En cuatro décadas de carrera, Nora ha entrevistado a científicas y científicos en todo el mundo, por ejemplo, al médico sudafricano Christiaan Barnard, el primer cirujano que realizó un trasplante al corazón en 1967; a la bioquímica Françoise Barré-Sinoussi, una de las investigadoras que descubrió el virus del VIH; o al reconocido y famoso astrónomo y astrofísico Carl Sagan. “Yo lo considero un privilegio. Es como haber podido hablar con Einstein sobre la teoría de la relatividad”, dice.

Ella también estuvo en la Nasa. Allí presenció el lanzamiento de satélites argentinos y lo contó a través de sus reportajes. “Normalmente, conocemos a un científico cuando presenta un descubrimiento o tiene algún logro, pero detrás de ese triunfo hay incontables horas de fracasos. Sin embargo, ellos tienen esa resiliencia, ese espíritu de seguir adelante, buscando responder una sola pregunta, que es algo que yo admiro profundamente”, cuenta.

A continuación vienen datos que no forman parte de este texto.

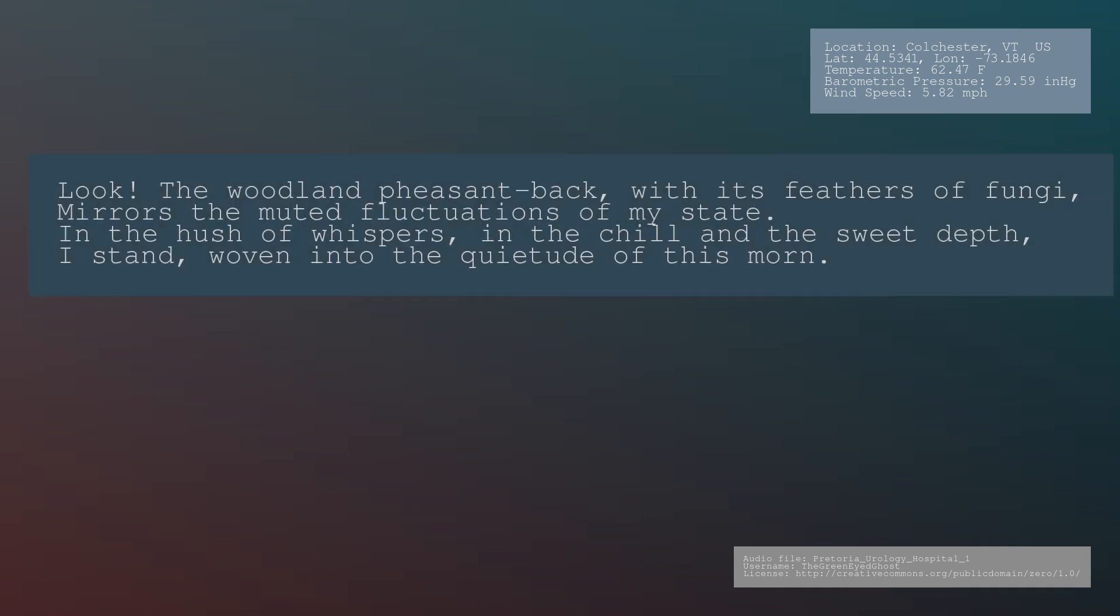Look, the woodland pheasant back, with its feathers of fungi, mirrors the muted fluctuations of my state. In the hush of whispers, in the chill and the sweet depth, I stand, woven into the quietude of this morn.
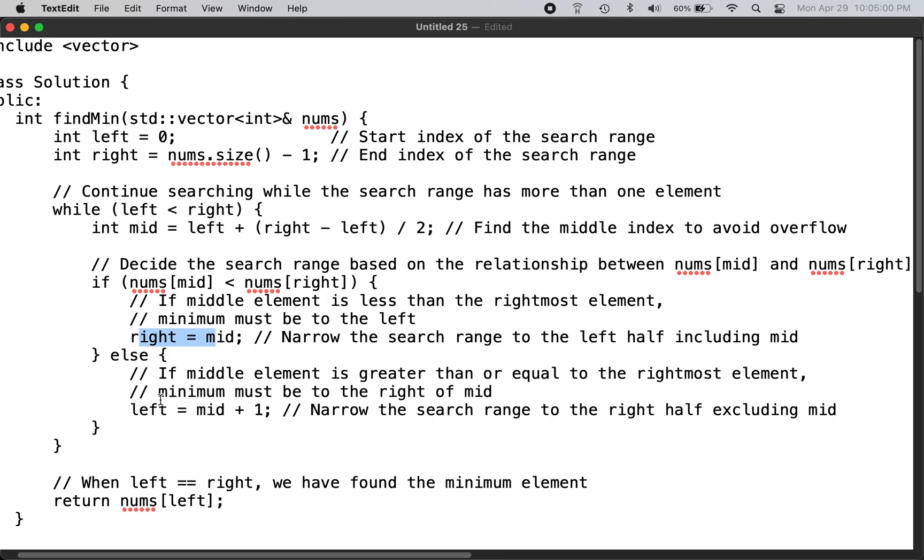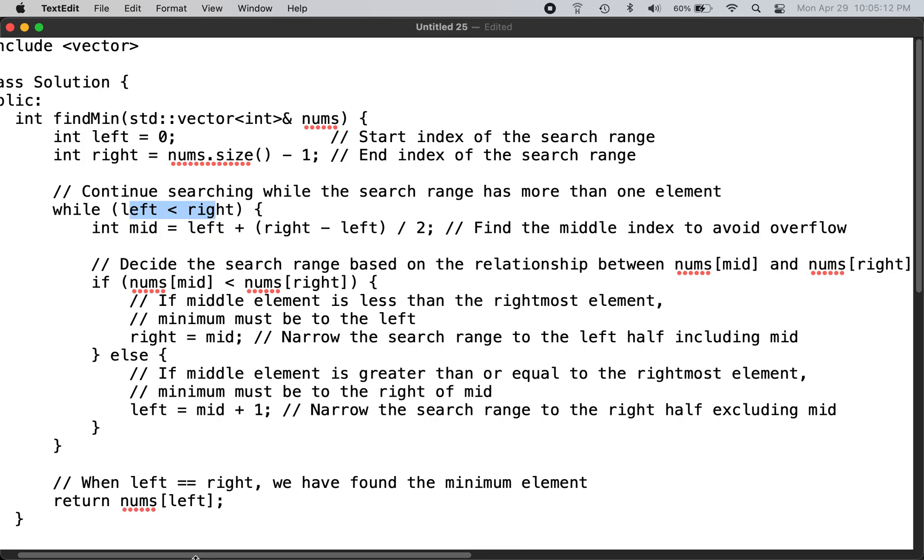Else we set left equals to mid plus 1. We keep continuing until this condition does not hold anymore, and so the minimum element will be nums left.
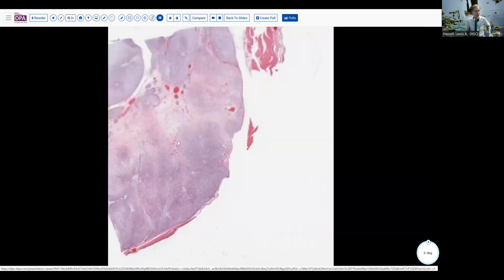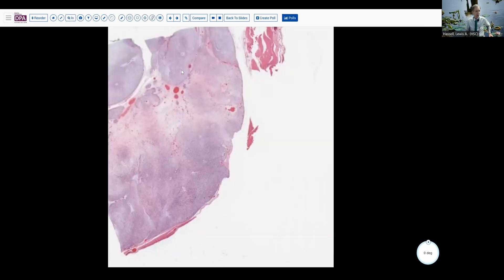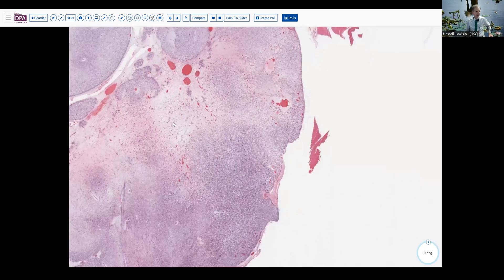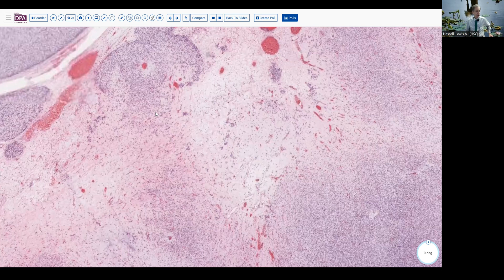And from that, we have some digital slides that we can look at. Here we can see it has a somewhat nodular appearance with variable cellularity, areas of low cellularity, very myxoid appearing, a few larger vessels, but not much in that regard. And then these sort of nested groups, as you see here.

En la ciudad de Malargüe, provincia de Mendoza, se ubica el Observatorio de rayos cósmicos Pierre Auger, compuesto por tres mil tanques de agua con detectores de partículas de alta energía que vienen desde fuera de la Vía Láctea. Uno de esos tanques se llama Nora Bär. Fue nombrado así en 2007 como un reconocimiento a sus múltiples reportajes sobre el observatorio.

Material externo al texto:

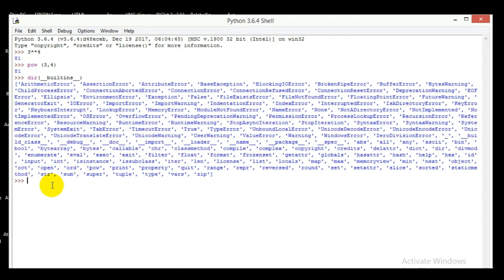So what dir(__builtins__) does is it returns all the functions which are already built in to Python. So if you type dir in parentheses with double-underscore builtins double-underscore, it will return you all the functions which are already built-in in Python.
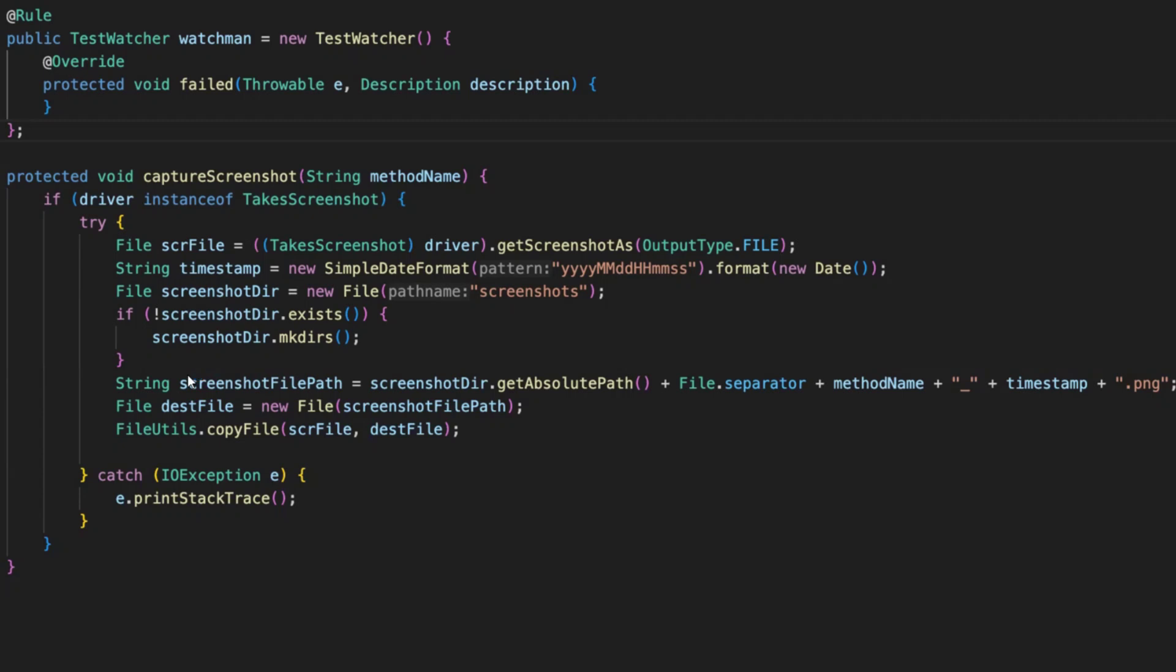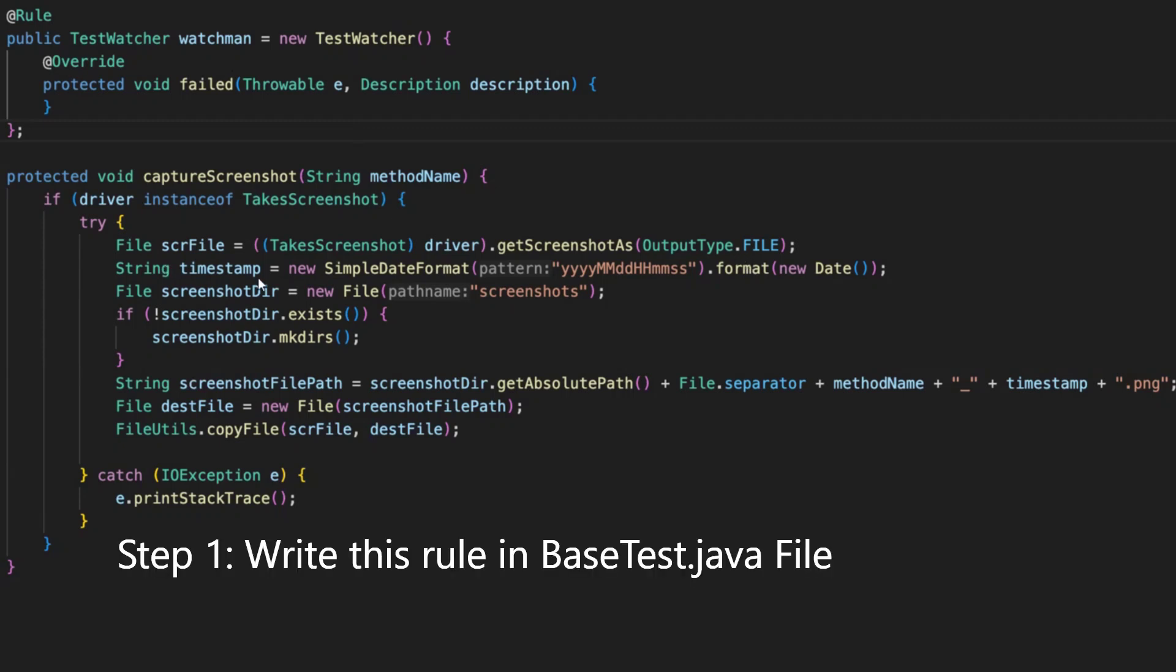a capture screenshot. Here I'm giving a source file, take a screenshot, and save the output file. I'm just taking the timestamp, and I'm also adding the screenshot directory. If the directory does not exist, create directory as the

Cuando a Nora se le pregunta qué es lo que más le interesa de la ciencia o qué rama elegiría, no puede responder una sola cosa. Dice que le interesan todas: la arqueología, la genética, la física de partículas, la astrofísica, la cosmología. Y, así, podría seguir hablando de cada historia o cada átomo detrás de todo aquello que conoce de primera mano. Después de 40 años en este oficio, ella sigue maravillada, y con ganas de contar y escribir más: “Conocer, por ejemplo, cómo funcionan los engranajes del sistema inmunológico es increíble. Cuando a uno se lo cuenta un investigador, se queda con los ojos abiertos y es más fascinante que una novela. Se dice ‘la ciencia supera a la ficción’ y creo que es así. La ciencia supera en mucho a las tramas más fabulosas de la literatura”.


El libro

Este libro reúne las historias de diez científicas y las dificultades que tuvieron que afrontar para desenvolverse en sus investigaciones, doctorados y tesis, mientras lidiaban con sus parejas, hijos o familiares, además de los prejuicios de sus colegas varones.
Este libro reúne las historias de diez científicas y las dificultades que tuvieron que afrontar para desenvolverse en sus investigaciones, doctorados y tesis, mientras lidiaban con sus parejas, hijos o familiares, además de los prejuicios de sus colegas varones.


Pregunta

¿Consideras que Rebelión en el laboratorio es un libro feminista?

Considero que es un libro feminista, pero no en contra de los hombres, sino a favor de las mujeres. Las trabas no solo fueron impuestas por el patriarcado. Aunque, en muchos casos, sí, también fueron aceptadas y reproducidas por las propias mujeres. En el libro, por ejemplo, la matemática Alicia Dickenstein, quien llegó a ser vicepresidenta de la Unión Matemática Internacional, me contó una anécdota muy reveladora. En algún momento, a ella le pidieron que revisara un libro escolar de matemáticas. Empezó a ojearlo y vio que había algo raro. Todos los personajes eran varones. ¿Por qué no hay nenas en este libro?, se preguntó. Después, me miró y me dijo: “¿Sabés quién ha escrito ese libro? ¡Yo! Yo, hace 25 años”. Ella misma no tenía en ese tiempo la conciencia que tiene ahora sobre el rol de las mujeres en la ciencia. Más que un libro feminista, es un libro que busca romper los estereotipos que rodean a la figura del científico: que las mujeres son menos capaces para la ciencia, o que los científicos son seres de otra dimensión, genios aislados y sin habilidades sociales.